**Input for this task**
---

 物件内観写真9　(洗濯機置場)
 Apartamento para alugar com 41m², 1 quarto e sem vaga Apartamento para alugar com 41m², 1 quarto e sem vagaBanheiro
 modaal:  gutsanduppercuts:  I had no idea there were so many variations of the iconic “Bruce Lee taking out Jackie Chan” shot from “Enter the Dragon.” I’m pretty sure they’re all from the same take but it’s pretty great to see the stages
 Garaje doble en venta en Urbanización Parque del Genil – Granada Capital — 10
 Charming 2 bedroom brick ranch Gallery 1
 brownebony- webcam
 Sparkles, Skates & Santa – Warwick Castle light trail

---

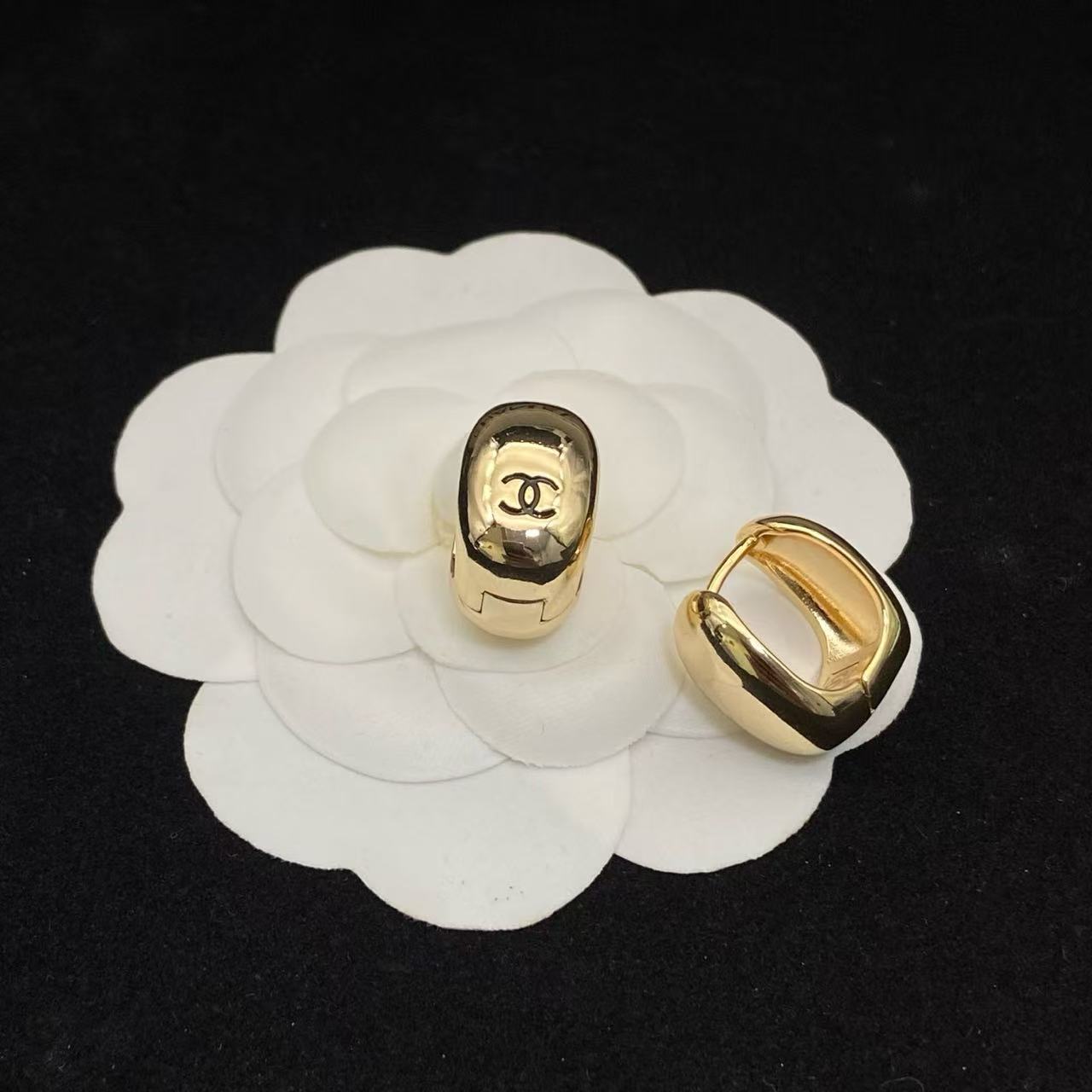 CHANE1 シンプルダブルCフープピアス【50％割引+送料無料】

---

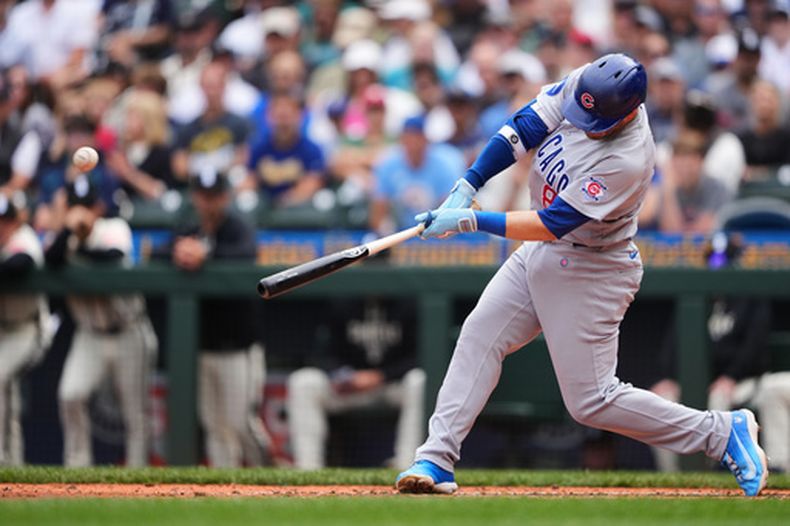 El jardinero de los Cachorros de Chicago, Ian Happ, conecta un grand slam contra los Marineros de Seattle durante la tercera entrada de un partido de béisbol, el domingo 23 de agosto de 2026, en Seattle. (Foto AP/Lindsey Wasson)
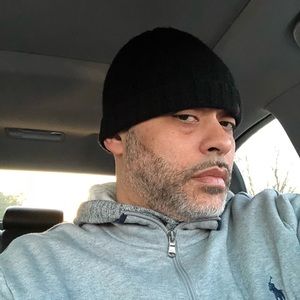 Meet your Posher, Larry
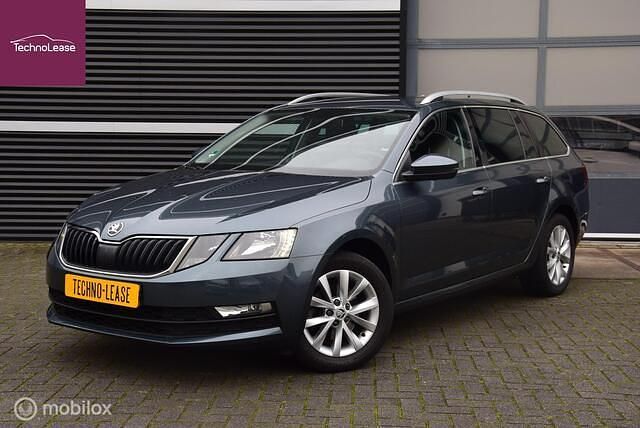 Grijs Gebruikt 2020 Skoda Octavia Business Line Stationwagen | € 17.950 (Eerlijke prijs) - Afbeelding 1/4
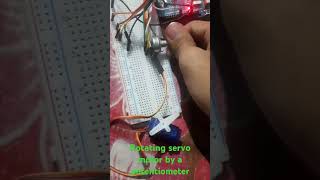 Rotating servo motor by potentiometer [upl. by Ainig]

---

**Work to be completed**
Would you please reproduce the entries above, starting at the line with "El jardinero de" and stopping after the line with "Rotating servo motor"? Omit any pictures.

**Problem solution**
 El jardinero de los Cachorros de Chicago, Ian Happ, conecta un grand slam contra los Marineros de Seattle durante la tercera entrada de un partido de béisbol, el domingo 23 de agosto de 2026, en Seattle. (Foto AP/Lindsey Wasson)
 Meet your Posher, Larry
 Grijs Gebruikt 2020 Skoda Octavia Business Line Stationwagen | € 17.950 (Eerlijke prijs) - Afbeelding 1/4
 Rotating servo motor by potentiometer [upl. by Ainig]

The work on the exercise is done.